I would use Python for this. I know that the syntax is not your thing. G’MIC is terrible for working with existing texts.

Yes, you are quite right about Python.

So far, I separated my resume into chunks. With Python code from GitHub, I scored them against the job posting. However, it is not useful at this point due to the considerations listed in the OP. Rather than making compelling applications, I am wasting my time battling this silly code. :roll_eyes:

I wouldn’t say that. There are plenty of G’MIC code, even in the stdlib that proves G’MIC is able to manage text files (parsing and generation) quite well. There is even a Markdown interpreter written in G’MIC !
But, yes, the language has not been designed for text manipulation, so it may take time to learn about how to use it correctly for that purpose.

Hence, my foolhardy association with G’MIC. For example,

gmic dude
# *** Error *** Unknown command or filename 'dude'; did you mean 'done'?

Could I rejigger this to scan text for the word dude but also account for done because it is similar? They do not have a common root (semantic meaning) but it is a start.

PS - lemmatisation is what I would like to do.

That doesn’t seem easy to do in G’MIC.

I’ll just refer you to a Python example - Python | Lemmatization with NLTK - GeeksforGeeks

However, some of things you want to do in the list is doable. Breaking texts is something I will attempt.

rep_attempt_2:
('"I want to do this in GMIC. Separate words in gmic"')

nm. words

number_of_words=0

repeat w#-1,n
 if !$n
  ({i(#"$words","$n",0,0)})
 else
  if i(#"$words","$n")!=32
   ({i(#"$words","$n",0,0)}) a[-2,-1] x
   if i(#-1,0)==32
    r. {w#-1-1},1,1,1,0,0,1
   fi
  else
   number_of_words+=1
   (32)
  fi
 fi
done

rm[words]

start_point={$!-($number_of_words+1)}

repeat $number_of_words+1 
 l[$start_point]
  echo {t}
 endl start_point+=1 
done

The above script separate words and call them out.

Result:

C:\Windows\System32>gmic rep_attempt_2
[gmic]-0./ Start G'MIC interpreter.
[gmic]-1./rep_attempt_2/*repeat/*local/ I
[gmic]-1./rep_attempt_2/*repeat/*local/ want
[gmic]-1./rep_attempt_2/*repeat/*local/ to
[gmic]-1./rep_attempt_2/*repeat/*local/ do
[gmic]-1./rep_attempt_2/*repeat/*local/ this
[gmic]-1./rep_attempt_2/*repeat/*local/ in
[gmic]-1./rep_attempt_2/*repeat/*local/ GMIC.
[gmic]-1./rep_attempt_2/*repeat/*local/ Separate
[gmic]-1./rep_attempt_2/*repeat/*local/ words
[gmic]-1./rep_attempt_2/*repeat/*local/ in
[gmic]-1./rep_attempt_2/*repeat/*local/ gmic

For similarity between text. A simple loop comparing two images of text will do.
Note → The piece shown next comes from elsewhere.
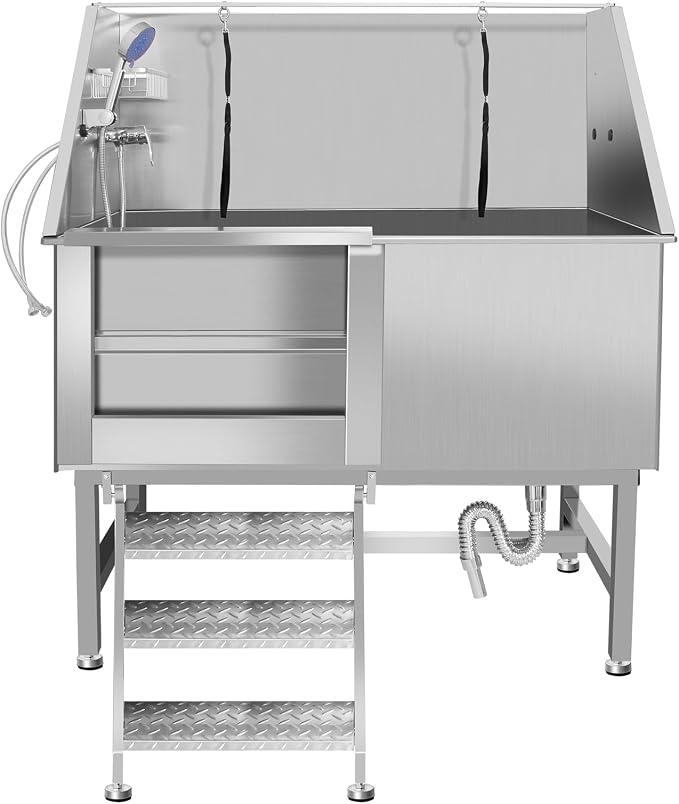 50" Pet Dog Bathing Station W/Ramp, Professional Stainless Steel Dog Grooming by OLIPIC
Text from my previous post. It is simple, so not much for hacked Python code to reduce.

Could I rejigger this to scan text for the word dude but also account for done because it is similar? They do not have a common root (semantic meaning) but it is a start.
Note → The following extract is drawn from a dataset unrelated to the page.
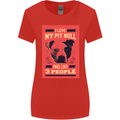 I Love My Pitbull & 3 People Funny Womens Wider Cut T-Shirt Red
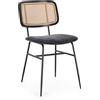 Bizzotto Set 2 sedie seduta grigio scuro con gambe in acciaio nero e schienale effetto rattan | Glenna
Lemmatisation - could and rejigger could become can and rejig. Other than that, a good result.

could I rejigger this to scan text for the word dude but also account for do because it be similar ? they do not have a common root ( semantic meaning ) but it be a start .

Keywords - Remove stop words, keep nouns and find ngrams with semantic meaning in tact. That last part is important because we do not want nonsense words or phrases.
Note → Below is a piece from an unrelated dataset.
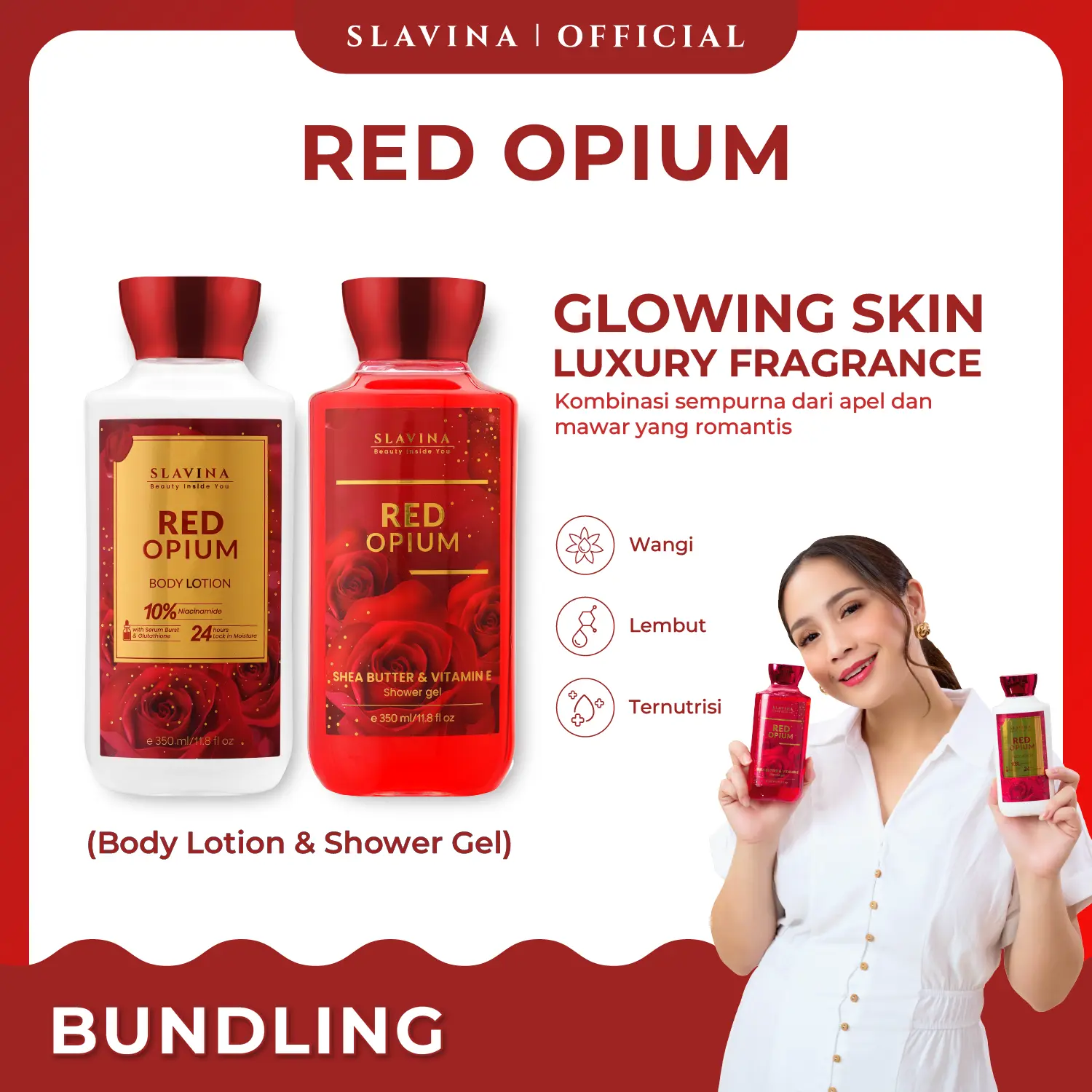 SLAVINA Red Opium Body Care Shower Gel Hand Body Nagita Slavina Moisturizer dan Sabun Mandi Cair 350ml Perawatan Tangan Kering Vitamin Glutathione Niacinamide Wangi Bunga Memutihkan Tubuh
start, meaning, word, root, text, dude, semantic meaning

PS meaning is listed twice. The first one is not necessary since it is already part of semantic meaning. If meaning were by itself somewhere else, then it would have been appropriate.

You can scan ‘dude’ in text.

('"$1"')
pos_dude:=find(crop(#-1),'dude',0,1)
echo $pos_dude
rm.

As far as similarity go, you can create a image, and invoke the use of crop.